§ **Problem to solve**
Only the lines below from the one containing "After a successful" through the one containing "If you want" belong in the answer, set down exactly, with the pictures left out.
[Data for analysis Boundary: Start]
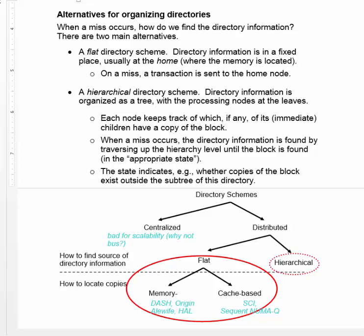An alternative is to use a hierarchical directory scheme. Here, the information on any particular block won't be held in a fixed location — it can move around depending upon where the block is cached.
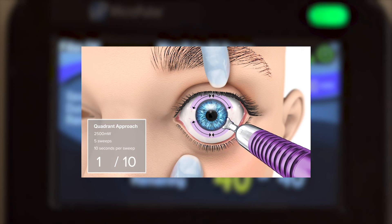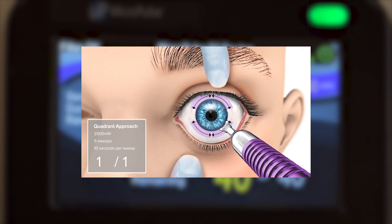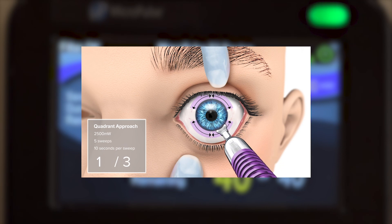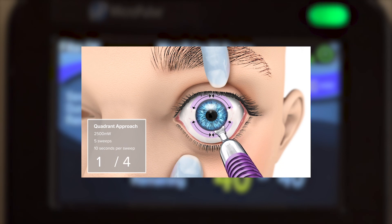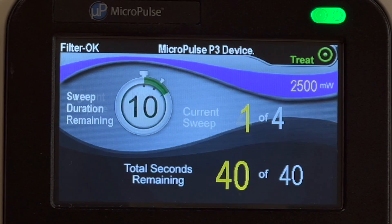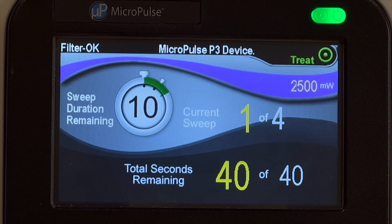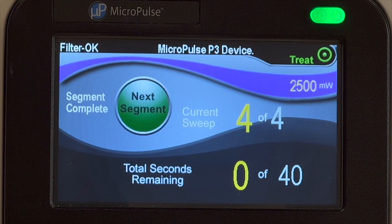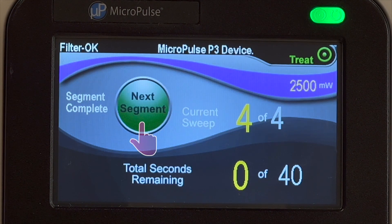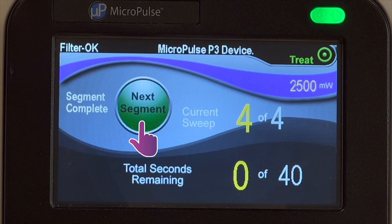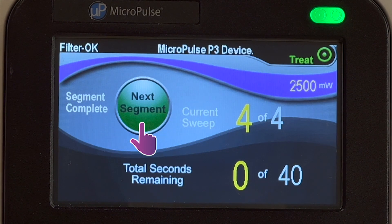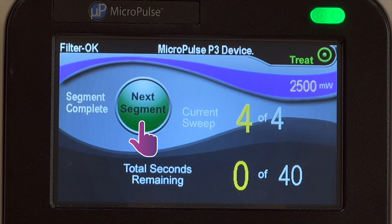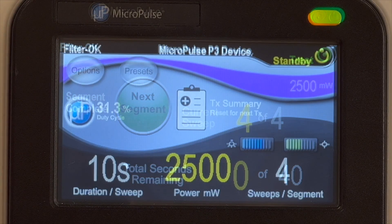The sweep management software offers a disciplined and reproducible approach of delivering Micropulse TLT. When treatment of a segment is complete, the stopwatch will change into a button icon that reads 'Next Segment.' Press on the button to reset all treatment variables to their starting values. Let's treat two quadrants so you can see how this all comes together.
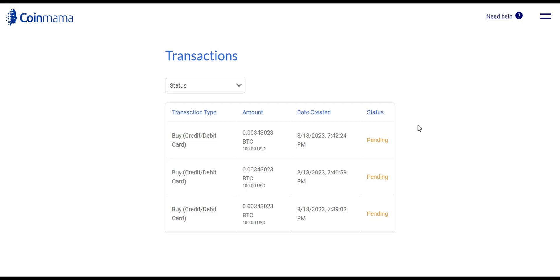After a successful payment, Coinmama will send a confirmation email to your registered address. Once the transaction is confirmed, your Bitcoin will be sent to the wallet address you provided.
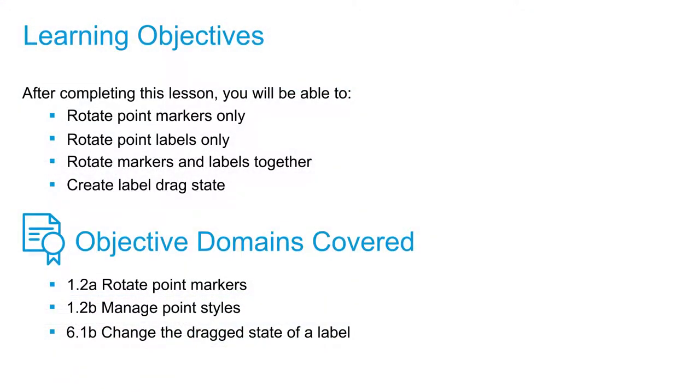In this video, we're going to learn how to manipulate markers and labels for points.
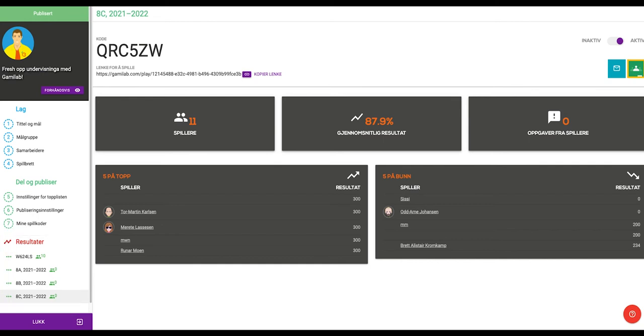If you want to share the game amongst several classes or groups of students, then it makes sense to have a unique play code for each class or group of students. What this means is that the students' results for each class or group of students are linked to a unique play code, allowing you, the teacher, to separate classes or groups of students from each other. You end up with a better overview.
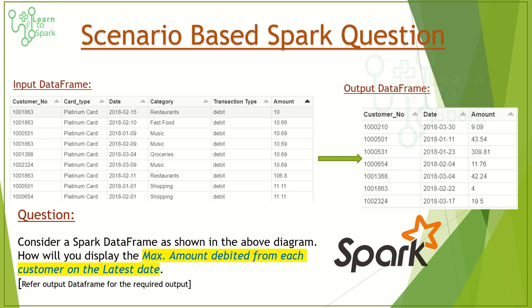Hello friends! Welcome to today's PAR session. In this session, we will learn a scenario-based question on Spark. If you are looking for more scenario-based questions, we have a separate playlist with around 25-30 videos on Spark scenario-based questions which will help you in your interview preparation. That being said, let us move on to today's Spark question.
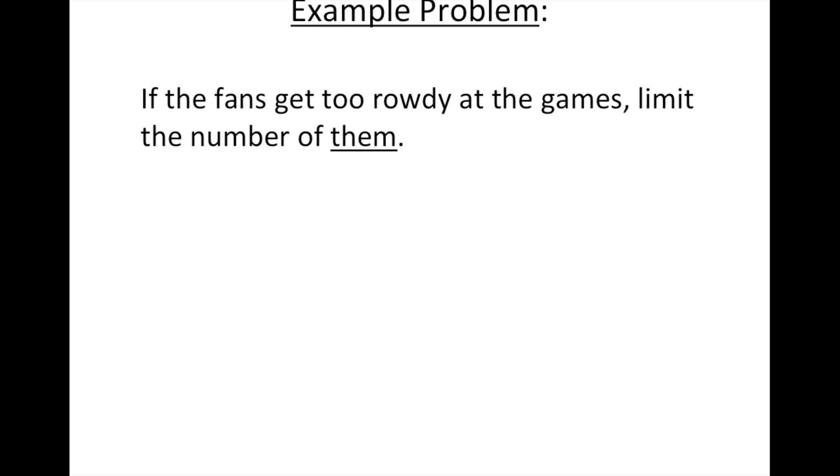Let's get another example. If the fans get too rowdy at the games, limit the number of them.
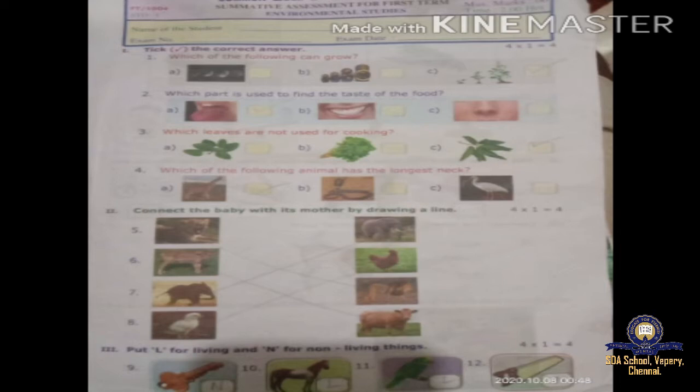Number three: which leaves are not used for cooking? Three leaves are given — tulasi, coriander, and mango. We cannot use tulasi and mango for cooking. Number four: which of the following animals has the longest neck?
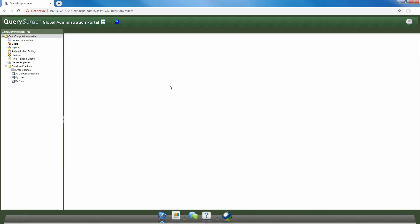Hello and welcome to this tutorial video into Query Surge. In this video, we'll show you how to create a new project in your Query Surge instance.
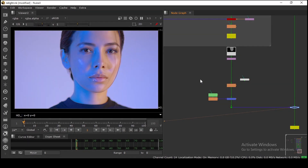Hello everyone, today I am going to show you how you can make your own relight tool inside Nuke. This will be a very quick tip — I will try my best to make this as small as possible. Let's see how you can do the relight without any gizmos; we are going to make our own tool.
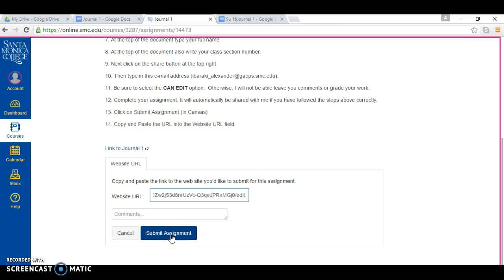Once you hit submit assignment, I'll be able to look at your journal number one on Canvas through my account.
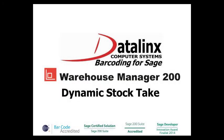Hello. This video shows the creation of a stock take card within Datalink's Warehouse Manager 200, which is embedded into the Sage 200 system.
[Data for analysis Boundary: End]
§ **Expected answer**
After a successful payment, Coinmama will send a confirmation email to your registered address. Once the transaction is confirmed, your Bitcoin will be sent to the wallet address you provided.
In this video, we're going to learn how to manipulate markers and labels for points.
If you want to share the game amongst several classes or groups of students, then it makes sense to have a unique play code for each class or group of students. What this means is that the students' results for each class or group of students are linked to a unique play code, allowing you, the teacher, to separate classes or groups of students from each other. You end up with a better overview.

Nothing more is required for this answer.